Thursday, September 19, 2013

Days Gone By on Albany Street

Grocery store on Albany Street, circa 1910. Photograph from Larry Hart Collection. 

Albany Street, and its cross streets from Schenectady Street up to Edward Street, has been associated with the scores of German immigrant families who moved there as the city expanded from the 1880s to the 1920s. Many German-American organizations, such as the Turnverein and Liederkranz, maintained their halls and offices on or near Albany Street. People frolicked and gathered in nearby Brandywine Park, which had its entrance where Albany Street met Elm Street.

Family members cluster in the windows of the grocery and home of Henry J. Terpening at 912 Albany Street and the home of John Begley, 910 Albany Street, around 1890.  Photograph from Larry Hart Collection. 

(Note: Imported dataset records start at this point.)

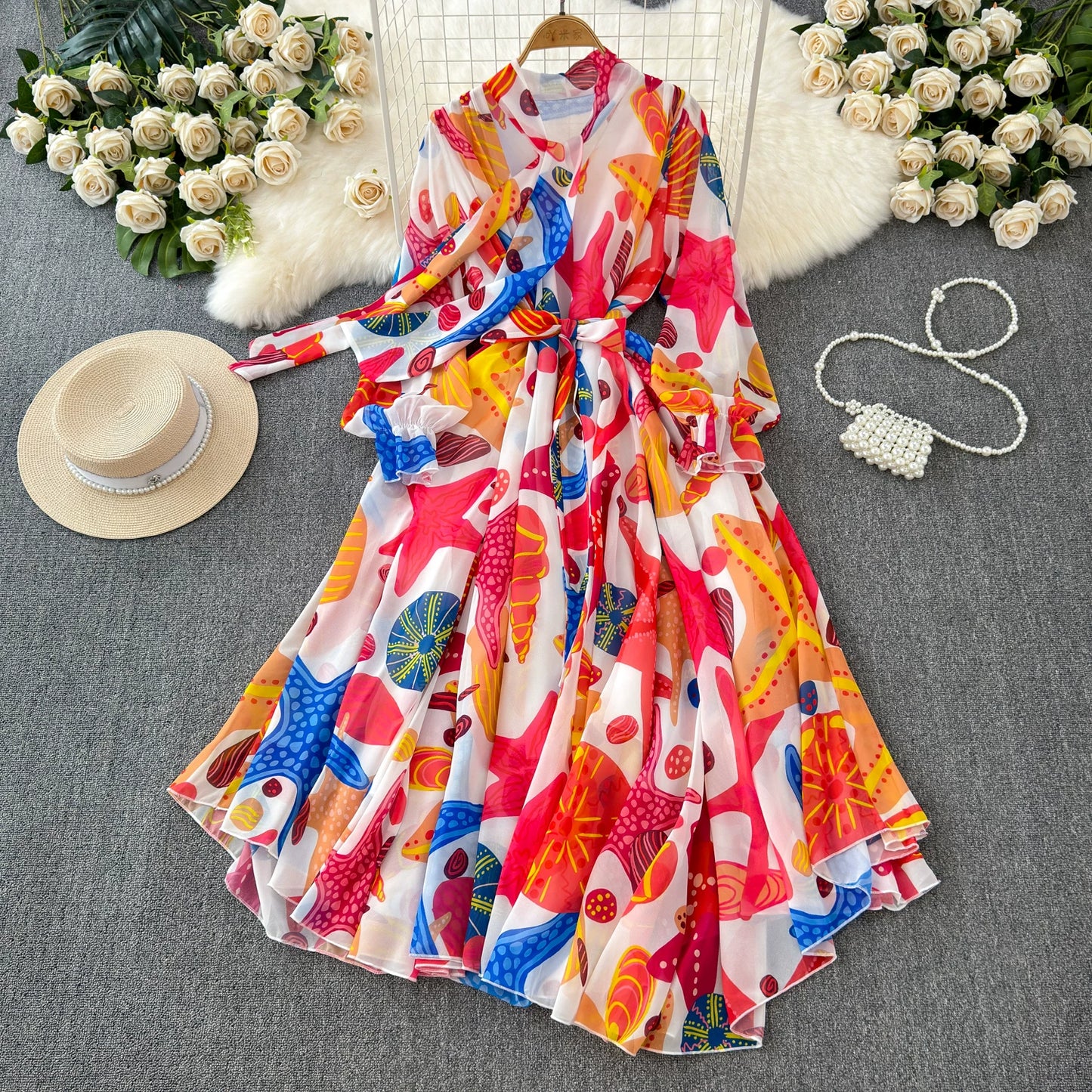 【ワンピース】フレンチエレガンス 気質 レディース シフォン 長袖ワンピース 蝶結びネック フレア 大人可愛い【SHシリーズ】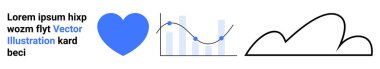 Mavi kalp ikonu, akış çizelgesi olan çubuk grafik ve minimalist bulut hatları veri görselleştirmesi, analitik, duygu, bulut hesaplaması öneriyor. Aşk için ideal, trendler, teknoloji sade iniş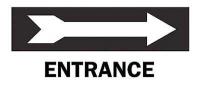 6FF32 Entrance Sign, 6-1/2 x 14In, BK/WHT, ENTR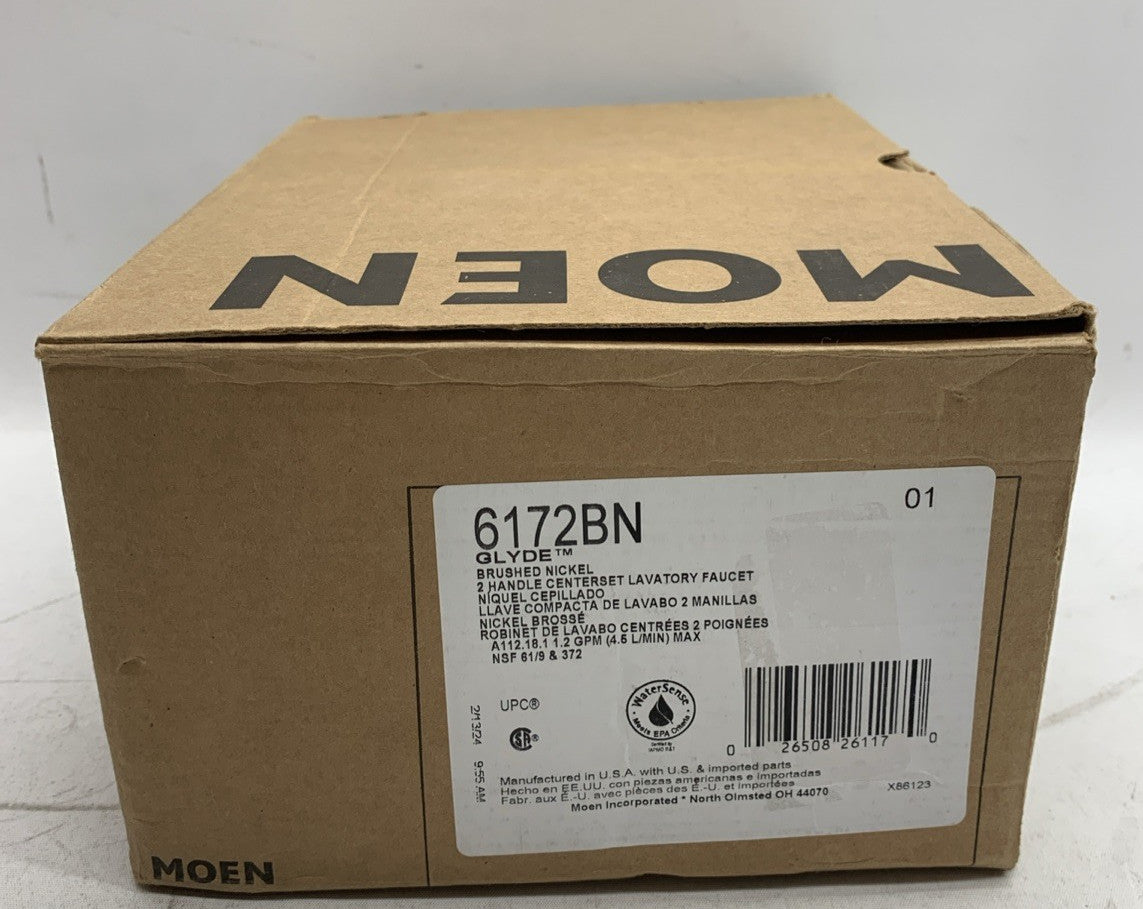 Moen Glyde Brushed Nickel Two-Handle High Arc Centerset Bathroom Faucet, 6172BN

Hazel Swartz Forst, who lived most of her 90 years on Albany Street, remembered her early childhood days at what is now 1344 Albany Street, around 1900: "Across the street from us was a pine grove . . . the pine needles on the ground were so thick and smooth, we kids could slide on them. The street wasn't paved -- all dirt -- and after a heavy rain the mud was all gooey and we kids had fun walking in the road, much to the chagrin of our mothers."

A 1915 view of businesses on Albany Street, near the intersection of Brandywine Avenue. Photograph from Grems-Doolittle Library Photograph Collection. 

Adelaide O'Connor, whose mother grew up on Albany Street, shared recollections of visits to the Albany Street Pork Store (then Kemner's) and of the delicious apple kuchen at Pitts' Bakery on Schenectady Street. The Grau family also ran a popular bakery called the Rolling Pin Bakery, on Albany Street near the corner of Craig Street. Gert Purcell remembered Gus Grau, a German immigrant, making "absolutely delicious" coffee cakes, cookies, bread, and rolls. "We'd go in about every day," Purcell recalled. "They were very warm, wonderfully warm people, always ready to hand a child a cookie."

The hall maintained by the German-American gymnastic club Schenectady Turnverein, ca. 1905. The building, located at 837 Albany Street, was also known as Turn Halle or Turner Hall. Photograph from Grems-Doolittle Library Photograph Collection. 

Albany Street near the intersection of Paige Street, circa 1945. Photograph from Larry Hart Collection. 

Hazel Forst also remembered the water tower that was on Albany Street, between Hulett and Schenectady Streets. Made obsolete in 1914 by the construction of the Bevis Hill Reservoir, it was torn down in 1928. After the tower was taken down, Forst recalled, "we missed all the shade it gave us that kept us cool in summer."

This water tower once stood on the south side of Albany Street, between Hulett Street and Schenectady Street. It was demolished in 1928. Photograph from Grems-Doolittle Library Photograph Collection.